A porgere il dono al Santo Padre, erano presenti i coniugi Maria e João Cortez de Lobão, con la loro numerosa famiglia di figli e nipoti, insieme al cardinale José Tolentino de Mendonça.

San Bernardino da Siena nacque nel 1380, e già in giovane età decise di vestire il saio della Compagnia dei Battuti della Beata Vergine, presso l’ospedale della Madonna della Scala di Siena, e durante l’infuriare dell’epidemia di pestilenza che colpì la città nel 1400, per quattro mesi curò con alcuni compagni i colpiti dalla malattia. Nel 1411 poi, di nuovo a Siena, si ammalò egli stesso di peste, uscendone guarito dopo aver affrontando la malattia con serena fermezza.

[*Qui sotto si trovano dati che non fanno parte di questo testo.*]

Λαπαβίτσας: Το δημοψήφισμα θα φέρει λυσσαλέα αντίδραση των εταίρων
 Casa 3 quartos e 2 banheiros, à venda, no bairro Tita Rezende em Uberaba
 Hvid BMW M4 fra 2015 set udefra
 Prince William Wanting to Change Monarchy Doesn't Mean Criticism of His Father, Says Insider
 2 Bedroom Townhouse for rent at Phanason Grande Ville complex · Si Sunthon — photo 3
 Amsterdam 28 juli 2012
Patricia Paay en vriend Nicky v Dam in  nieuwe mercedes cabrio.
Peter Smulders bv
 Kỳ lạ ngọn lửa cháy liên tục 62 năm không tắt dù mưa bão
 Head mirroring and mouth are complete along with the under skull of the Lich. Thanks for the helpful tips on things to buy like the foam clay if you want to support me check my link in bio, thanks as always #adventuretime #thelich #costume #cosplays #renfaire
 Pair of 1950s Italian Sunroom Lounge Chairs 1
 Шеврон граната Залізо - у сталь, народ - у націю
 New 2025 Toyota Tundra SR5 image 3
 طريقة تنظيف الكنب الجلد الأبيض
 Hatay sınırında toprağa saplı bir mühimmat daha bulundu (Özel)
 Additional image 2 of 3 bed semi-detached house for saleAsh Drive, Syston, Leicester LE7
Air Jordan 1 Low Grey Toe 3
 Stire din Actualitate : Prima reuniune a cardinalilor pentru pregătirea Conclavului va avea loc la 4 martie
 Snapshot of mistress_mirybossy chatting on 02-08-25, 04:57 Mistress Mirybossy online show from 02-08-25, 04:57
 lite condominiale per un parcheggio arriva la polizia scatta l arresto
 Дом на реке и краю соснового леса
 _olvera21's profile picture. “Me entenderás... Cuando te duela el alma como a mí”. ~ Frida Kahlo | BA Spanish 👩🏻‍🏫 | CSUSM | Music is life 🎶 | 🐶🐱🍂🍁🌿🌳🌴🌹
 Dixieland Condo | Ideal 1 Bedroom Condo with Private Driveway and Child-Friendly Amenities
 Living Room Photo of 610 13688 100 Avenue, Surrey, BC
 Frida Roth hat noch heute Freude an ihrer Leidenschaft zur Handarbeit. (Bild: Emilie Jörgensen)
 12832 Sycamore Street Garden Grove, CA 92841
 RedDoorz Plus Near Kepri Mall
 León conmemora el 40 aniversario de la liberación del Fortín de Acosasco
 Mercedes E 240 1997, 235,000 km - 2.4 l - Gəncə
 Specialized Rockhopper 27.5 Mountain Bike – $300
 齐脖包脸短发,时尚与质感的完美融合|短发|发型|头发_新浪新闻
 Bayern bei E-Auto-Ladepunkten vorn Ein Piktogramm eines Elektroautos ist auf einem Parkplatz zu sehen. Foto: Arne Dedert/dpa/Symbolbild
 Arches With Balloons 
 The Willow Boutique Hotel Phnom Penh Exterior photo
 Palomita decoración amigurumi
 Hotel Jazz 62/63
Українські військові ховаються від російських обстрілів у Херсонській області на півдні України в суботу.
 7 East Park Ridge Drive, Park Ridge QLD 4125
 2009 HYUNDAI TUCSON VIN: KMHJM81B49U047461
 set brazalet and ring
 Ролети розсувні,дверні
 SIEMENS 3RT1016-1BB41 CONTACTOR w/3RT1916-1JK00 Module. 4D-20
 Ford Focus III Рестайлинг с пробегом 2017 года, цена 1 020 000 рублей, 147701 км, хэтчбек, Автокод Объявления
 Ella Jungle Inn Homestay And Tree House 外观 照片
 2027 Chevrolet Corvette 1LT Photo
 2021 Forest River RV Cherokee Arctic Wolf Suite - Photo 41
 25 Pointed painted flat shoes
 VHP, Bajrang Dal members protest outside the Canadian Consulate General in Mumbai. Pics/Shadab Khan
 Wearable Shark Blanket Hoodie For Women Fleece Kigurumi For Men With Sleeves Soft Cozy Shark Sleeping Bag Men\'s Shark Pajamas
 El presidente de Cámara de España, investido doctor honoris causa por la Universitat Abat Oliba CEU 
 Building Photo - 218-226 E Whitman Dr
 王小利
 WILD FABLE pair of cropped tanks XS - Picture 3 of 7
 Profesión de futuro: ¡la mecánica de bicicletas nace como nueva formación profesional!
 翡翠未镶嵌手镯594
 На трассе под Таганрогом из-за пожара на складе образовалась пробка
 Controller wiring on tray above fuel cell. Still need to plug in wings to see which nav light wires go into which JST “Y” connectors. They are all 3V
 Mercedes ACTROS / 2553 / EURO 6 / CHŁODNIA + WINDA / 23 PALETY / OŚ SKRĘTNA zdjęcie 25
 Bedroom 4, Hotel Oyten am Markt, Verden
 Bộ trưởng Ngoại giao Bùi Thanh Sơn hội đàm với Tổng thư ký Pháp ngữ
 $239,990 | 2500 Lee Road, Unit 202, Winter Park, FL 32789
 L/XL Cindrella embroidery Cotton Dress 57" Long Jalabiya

San Bernardino si distinse soprattutto per la sua attività da predicatore in tutta l’Italia settentrionale. A lui, peraltro, si deve il Cristogramma JHS, entrato nell’uso iconografico più comune e divenuto col tempo familiare alla gente. Di lui si ricorda anche la disponibilità a incarichi di responsabilità nel suo Ordine, ma è opportuno tornare alla sua predicazione, che egli sentiva come sua vocazione e suo dovere inderogabile: una predicazione concreta e semplice, accorta e incisiva. San Bernardino, chiamato a L’Aquila per esortare alla pace una Città dilaniata dalle contese e dalle lotte fra famiglie, morì proprio in quella Città nel 1444, compiendo il suo ultimo ‘atto’ di predicazione della misericordia di Dio e della pace, frutto della conversione sincera, con il ‘miracolo del sangue’, che portò a impedire la condanna a morte di un cittadino aquilano.